The celebratory event came courtesy of SHA’s Resident Services Program and the United States Tennis Association through a newly formed non-profit, Moving On Up with Tennis and Education program. For the past month, professionals from the Ludlow Tennis Club have been volunteering their time, twice weekly, to teach the young set how to serve, lob, volley and smash balls across a low net.
For new players like Anieliz Chico, the tennis lessons are both fun and educational.
“I like tennis,” announced, who is 9. “It’s fun. I love to hit the ball. The more I come out for it, the better I get.”
The party at Sullivan was a chance for families to get together with tennis pros and enjoy a day of activities. Tennis will continue there as part of the program that aims to bring the sport to communities that typically don’t get it.
“We try to promote and grow tennis throughout New England,” explained Chantal Roche, who is Diversity and Inclusion Manager at the USTA regional office in Westborough. Other youth programs involved are the YMCA of Greater Springfield and Camp Weber, one of its summer programs.
“Tennis is a sport that teaches children not just a game, but skills like focus and sportsmanship that they carry with them throughout their lives,” Roche said. “It’s never too early to teach and start practicing tennis. It can also be an amazing pathway to play on a high school sports team, or to get scholarships for college.”
SHA Deputy Executive Director Nicole Contois, a longtime tennis player herself, helped to bring the program to Sullivan and said so far, it has been a big success for families.
“Everyone loves it,” Contois said. “When tennis is on the schedule, the kids are lining up to play.”
The Saturday event brought out parents as well as children. Face-painting, popcorn, cotton candy, a ring toss and, of course, tennis, were high on the popularity list. There was solid agreement that the day was a fun way to spend time with neighbors.
“This is great for all of us, especially the children,” said Taisha Rodriguez, the mother of four, including three who are learning to play tennis.
“Anything to do with sports and moving around is a good thing for them. It keeps them active. They’re always excited when it’s tennis day,” she added.
Yanira Rivera’s six-year-old is loving tennis, after just a few weeks. The party was a blast, too, she said.
“Activities like this are great,” Rivera said. “There’s just so much going on, and it’s good for the kids.”
Ana Navarro has two young children learning to play.
“It’s been great,” Navarro said. “It keeps them busy, and it’s way better than having them sit inside and watch TV.”

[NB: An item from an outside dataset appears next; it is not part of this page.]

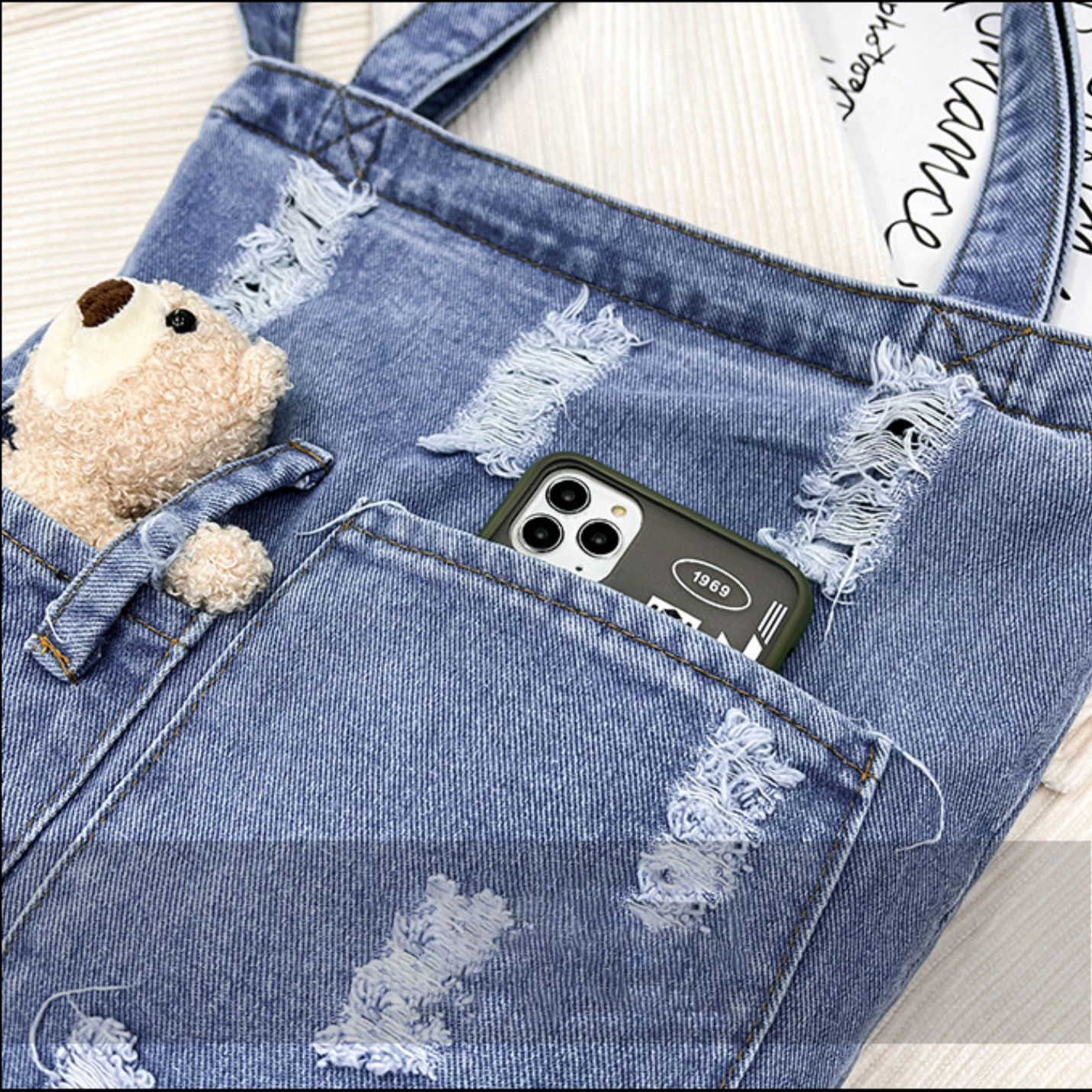 Túi xách túi đeo chéo nữ túi thời trang nữ jeans hot trend cute gấu bông đáng yêu đi học đi chơi đi du lịch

Pat Murray, a member of the Ludlow Tennis Club, organizes volunteers to teach the sport at several locations in the area, including at Sullivan. She said that where the program exists, it always proves popular.
“The children love it,” Murray said. “We reach out to inner-city programs so that children who normally wouldn’t have opportunities to learn tennis can get some skills using real equipment. At Sullivan, we have found some great talent.”
Murray is one who would know. She grew up with her family at SHA’s Robinson Gardens Apartments, and while she had a happy childhood, there weren’t many opportunities for organized sports, much less tennis.
“Tennis is a sport you can play all of your life,” said Murray, a retired executive from Chicopee Housing Authority.
Murray said the program will be year-round, and eventually include competitions among different groups.
Rackets, balls and nets have been donated by organizations including Tennis Babolat, which manufactures and sells equipment for the game.